Wie aufmerksame Mook-Magazin-Leser ja bereits wissen, lieben wir Kaviar. Auch macht die unprätentiöse Präsentation und die exzellente Produktqualität im Bébé Bob wirklich Spaß. Trotzdem stimmte uns der Anblick der kleinen Kaviar-Selektion auch ein wenig wehmütig, weil wir wieder einmal schmerzlich daran erinnert wurden, dass wir mit dem KRAZY KRAKEN schon einmal versucht haben, unserer geliebten Heimatstadt Frankfurt ein international relevantes Kaviar- und Seafood-Restaurant zu schenken. Leider hatte die Stadt Frankfurt damals andere Pläne und machte uns einen dicken Strich durch die Rechnung. Interessierte Leser, die mehr darüber erfahren möchten, warum wir das KRAZY KRAKEN schon kurz nach der erfolgreichen Eröffnung wieder schließen mussten und warum die Schließung nicht nur für ein paar leidenschaftliche Meeresfrüchteliebhaber eine schreckliche Tragödie war, sondern auch für die gesamte Stadt Frankfurt, sollten nicht zögern, nach der vollständigen Lektüre dieses Artikels, den hier angehängten Link zu aktivieren.
Glücklicherweise können wir uns an das Zitat des US-amerikanischen Autors und Sozialwissenschaftlers Irving Kristol erinnern, das wie folgt lautet: „One can be unhappy before eating caviar, even after, but at least not during“. Und tatsächlich hilft eine opulente Nocke Kaviar auf einem buttrigen Blini, um über den Schmerz hinwegzukommen.
Abgesehen von der Tatsache, dass man sich im Bébé Bob entsprechend respektvoll kleiden sollte, gibt es dort nur drei Regeln: keine Kinder, keine Gruppen von mehr als vier Personen, und man kann als Hauptgericht alles essen, solange es ein Rotisserie-Chicken ist. Allerdings kann man bei der Hauptattraktion zwischen einem Freilandhuhn aus der Vendée oder einem milchgefütterten Freilandhuhn vom legendären Premiumzüchter Arnaud Tauzin wählen. Da es für die Mook-Redaktion jedoch bekanntlich kein „oder“ gibt, sondern nur ein „und“, entschließen wir uns einfach, beide Hähnchen für Euch zu degustieren. Die Hähnchen schmecken in Nuancen unterschiedlich, sind aber beide so unwiderstehlich köstlich, dass wir Euch keine finale Empfehlung geben wollen.
Die Familie von Arnaud Tauzin züchtet schon seit dem 19. Jahrhundert Geflügel in den Hügeln und im Prärieland von St. Sever im Südwesten von Les Landes und gilt unter vielen Kennern als einer der besten Geflügelzüchter Frankreichs.

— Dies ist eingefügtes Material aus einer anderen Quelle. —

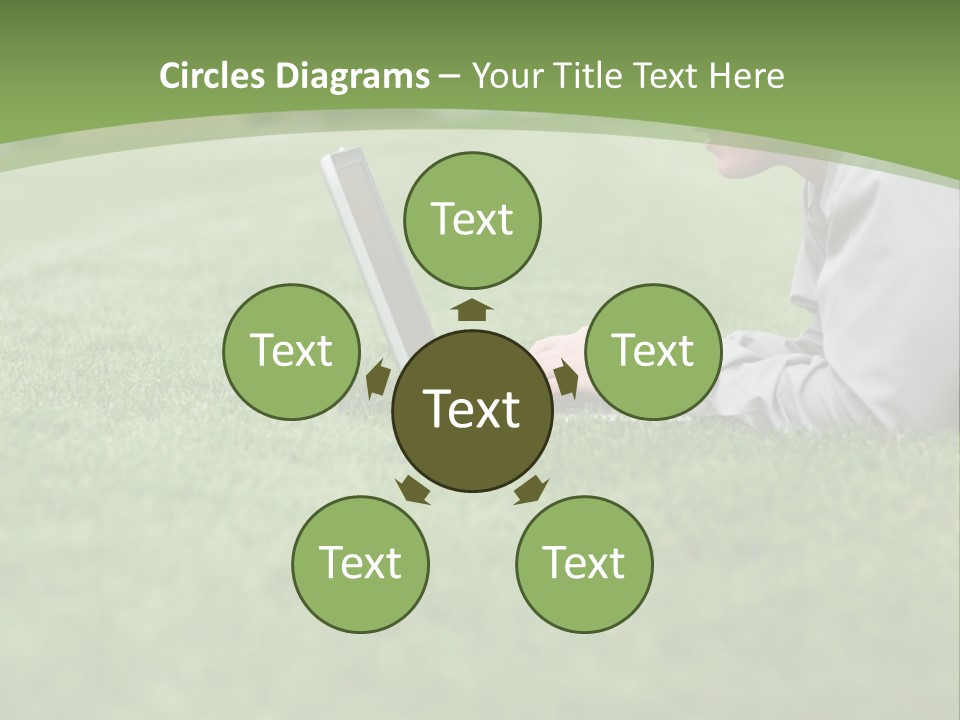 Chill Spring Hand PowerPoint Template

Als Sättigungsbeilage entscheiden wir uns für die in siedendem Hühnerfett gesottenen und mit Rosmarin und Knoblauch aromatisierten „Roast Potatoes“. Die Kartoffeln sehen auf den ersten Blick eher blass und profan aus, sind aber angenehm luftig souffliert, extrem knusprig und überraschend geschmacksintensiv. Wir können Euch die kleinen Biester deshalb uneingeschränkt empfehlen.